Imaginez un monde où vous ne pouvez plus faire confiance à ce que vous voyez dans une vidéo. Un monde où les personnalités publiques tiennent des discours qu’elles n’ont jamais prononcés, où vos proches apparaissent dans des situations compromettantes sans y avoir jamais participé. Bienvenue dans l’ère des deepfakes, ces montages vidéo ultra-réalistes générés par intelligence artificielle.
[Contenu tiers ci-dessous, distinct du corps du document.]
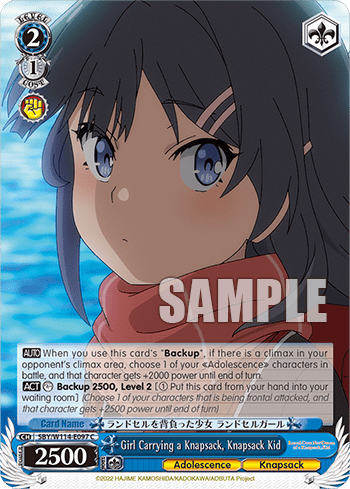 Girl Carrying a Knapsack, Knapsack Kid #SBY/W114-E097 — Booster Pack Rascal Does Not Dream Series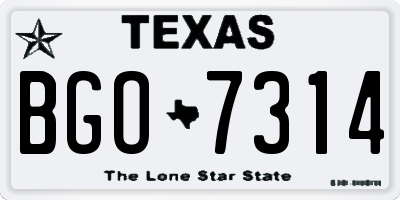 TX license plate BGO7314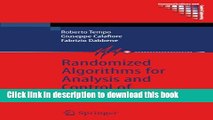 Ebook Randomized Algorithms for Analysis and Control of Uncertain Systems (Communications and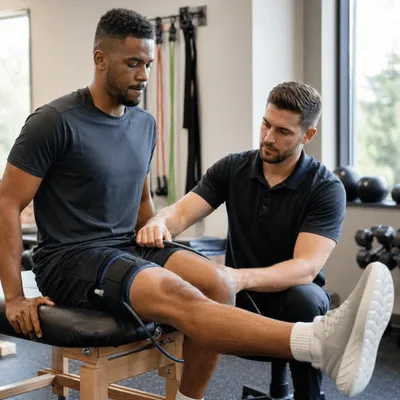 A therapist applies blood flow restriction therapy while a patient performs seated leg extension training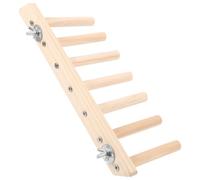 POPETPOP Natural Wood Parrot Perch for Cage Beige Wooden Bird Ladder and Climbing Stand Exercise and Biting for Macaw and Pet Birds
Si cette technologie ouvre des perspectives créatives fascinantes, elle représente également une menace grandissante pour notre société, à l’heure où la désinformation se propage à une vitesse alarmante.
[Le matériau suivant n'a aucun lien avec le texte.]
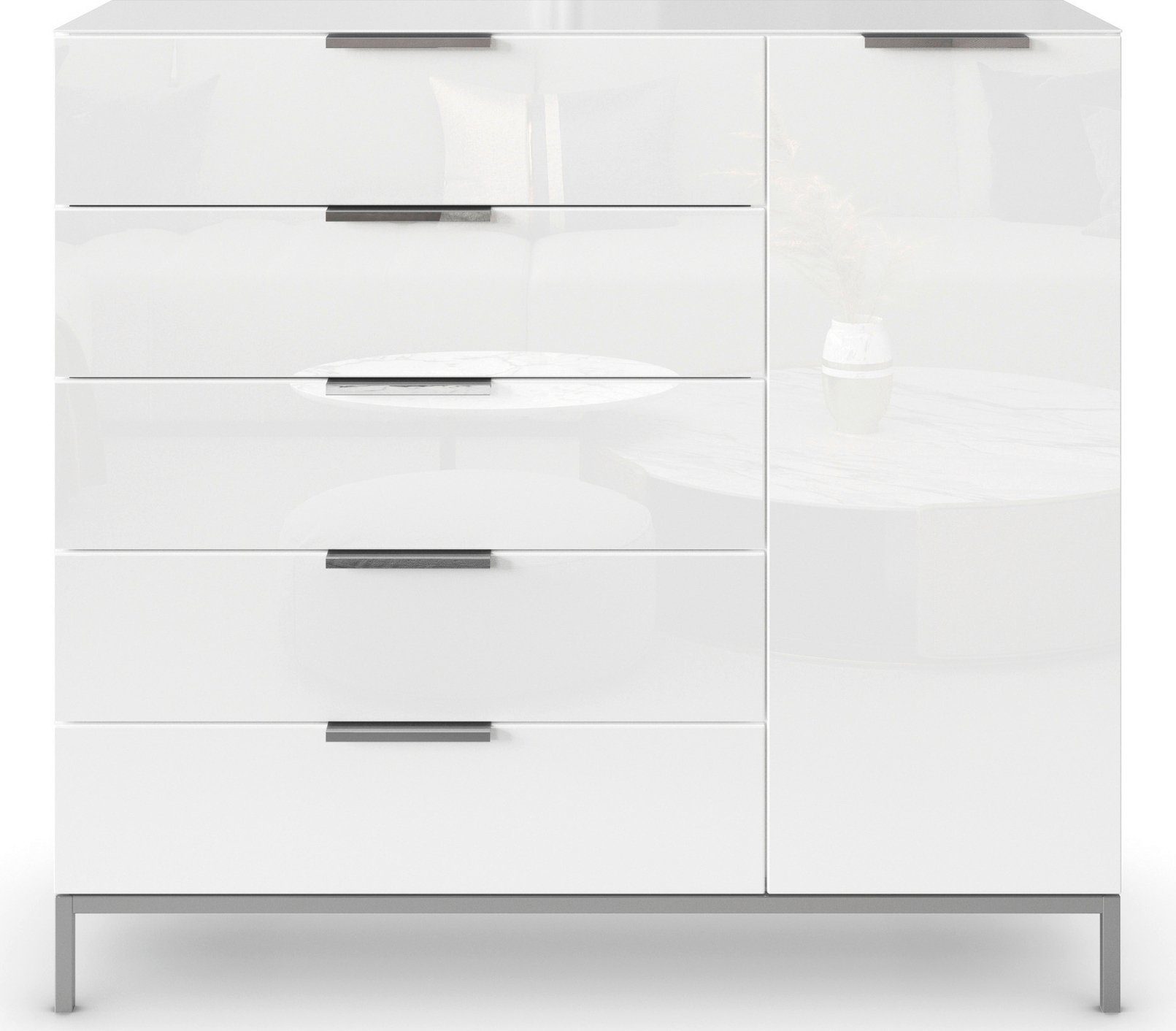 rauch Kast met laden en deuren Commode deurkast sideboard combikast FLIPP met glasfront 1-deurs, 5 laden, soft-close functie, bovenblad en glazen front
Aux origines des deepfakes : le deep learning
Les deepfakes s’appuient sur une branche de l’intelligence artificielle appelée deep learning ou apprentissage profond. Cette technique utilise des réseaux de neurones artificiels pour analyser d’immenses volumes de données, comme des photos et vidéos de visages. Parmi les architectures de deep learning les plus utilisées pour créer des deepfakes, on trouve les réseaux antagonistes génératifs (GANs). Ceux-ci mettent en compétition deux réseaux de neurones : un générateur, qui crée des contenus synthétiques, et un discriminateur, qui tente de différencier le vrai du faux.
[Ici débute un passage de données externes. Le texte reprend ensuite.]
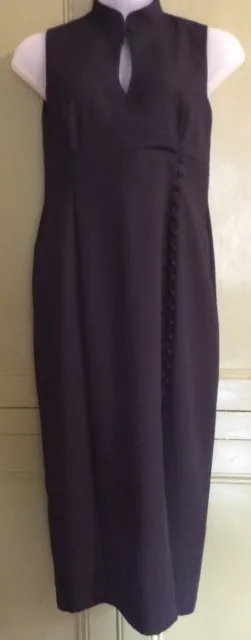 Richards Womens Vintage Small Uk18 36” B Black Maxi Dress Summer Cheongsam Style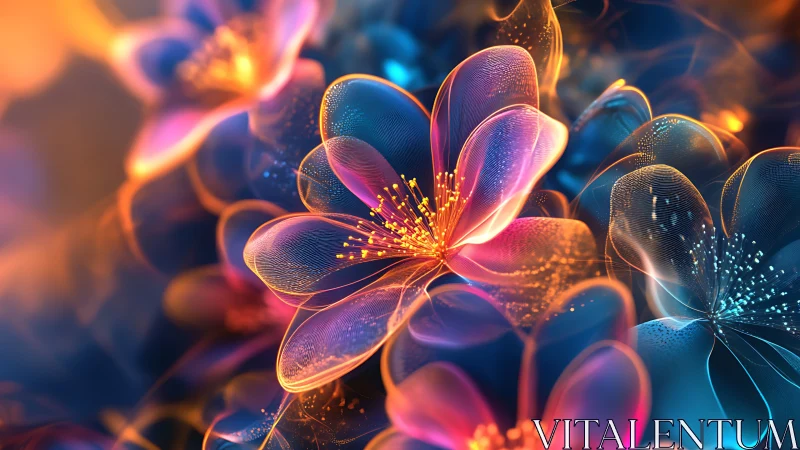 Digitally rendered flowers with luminescent petals and particle effects.
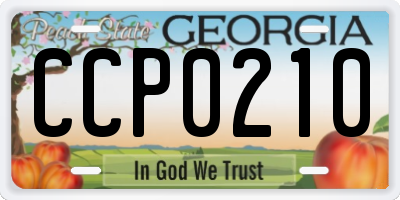 GA license plate CCP0210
Dans les coulisses de la création d’un deepfake
Concrètement, pour réaliser un deepfake, il faut d’abord collecter de nombreuses images et vidéos de la personne à imiter. L’intelligence artificielle va alors apprendre les caractéristiques de son visage, sa gestuelle, le timbre de sa voix… Une fois le modèle entraîné, il devient possible de générer de nouvelles vidéos en y transposant le visage et les expressions de la cible. Différentes techniques sont employées :
- Le face swapping pour remplacer un visage par un autre
- Le lip syncing pour synchroniser les mouvements des lèvres avec un autre son
- Le puppeteering pour animer un visage à partir des expressions d’un autre en temps réel
Des deepfakes ludiques aux montages malveillants
Si les deepfakes ont d’abord été utilisés à des fins humoristiques ou artistiques, leur potentiel néfaste est vite apparu. Diffusés sur les réseaux sociaux, ces montages peuvent servir à propager de fausses informations et influencer l’opinion publique. Imaginez un candidat à une élection qui tiendrait des propos choquants dans une vidéo trafiquée à quelques jours du scrutin…
Une personne exposée à un deepfake mettant en scène un homme politique qu’elle apprécie pourra se rappeler d’un événement qui n’a en réalité jamais eu lieu. On parle alors « d’effet Mandela ».
Nina Schick, autrice de « Deepfakes: The Coming Infocalypse »
Les deepfakes risquent également d’être utilisés comme outil de chantage ou de vengeance, en faisant apparaître une personne dans une vidéo compromettante. Et même lorsque l’entourage de la victime sait qu’il s’agit d’un montage, le mal est fait : impossible de supprimer totalement ces images sur internet.
Détecter et contrer la menace des deepfakes
Face au danger que représentent les deepfakes malveillants, la sensibilisation est essentielle. Chacun doit prendre conscience de cette technologie et garder un esprit critique face aux vidéos circulant en ligne. En parallèle, chercheurs et entreprises planchent sur des outils de détection des deepfakes. Basés eux aussi sur l’intelligence artificielle, ces algorithmes tentent de repérer des incohérences subtiles (reflets dans l’iris, micro-expressions du visage…) pour authentifier une vidéo.
L’essor des deepfakes nous confronte à des défis technologiques, juridiques et éthiques inédits. Si leur potentiel créatif est indéniable, leur utilisation malveillante pourrait durablement miner la confiance accordée aux médias en ligne. Dans ce contexte, une meilleure compréhension de ces outils et la mise en place de garde-fous s’avèrent cruciales pour protéger les individus et le débat public.